Instructions for the task — Your copy should match the listing below exactly, except that it holds no images.

Raw data —

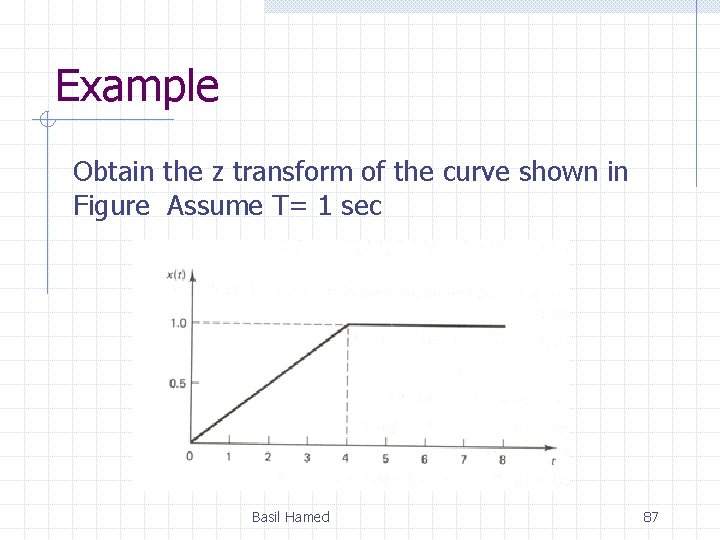 Example Obtain the z transform of the curve shown in Figure Assume T= 1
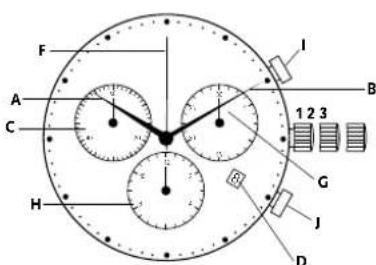 Georg Jensen K32ST02 - Kronograf: Lspande tldtagning - 1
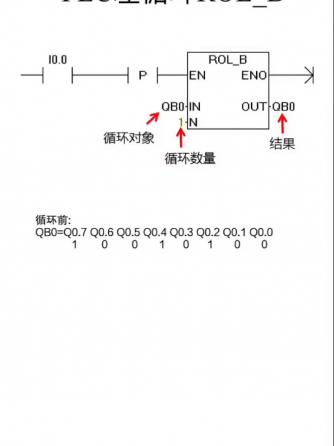 数控编程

Written answer —
 Example Obtain the z transform of the curve shown in Figure Assume T= 1
 Georg Jensen K32ST02 - Kronograf: Lspande tldtagning - 1
 数控编程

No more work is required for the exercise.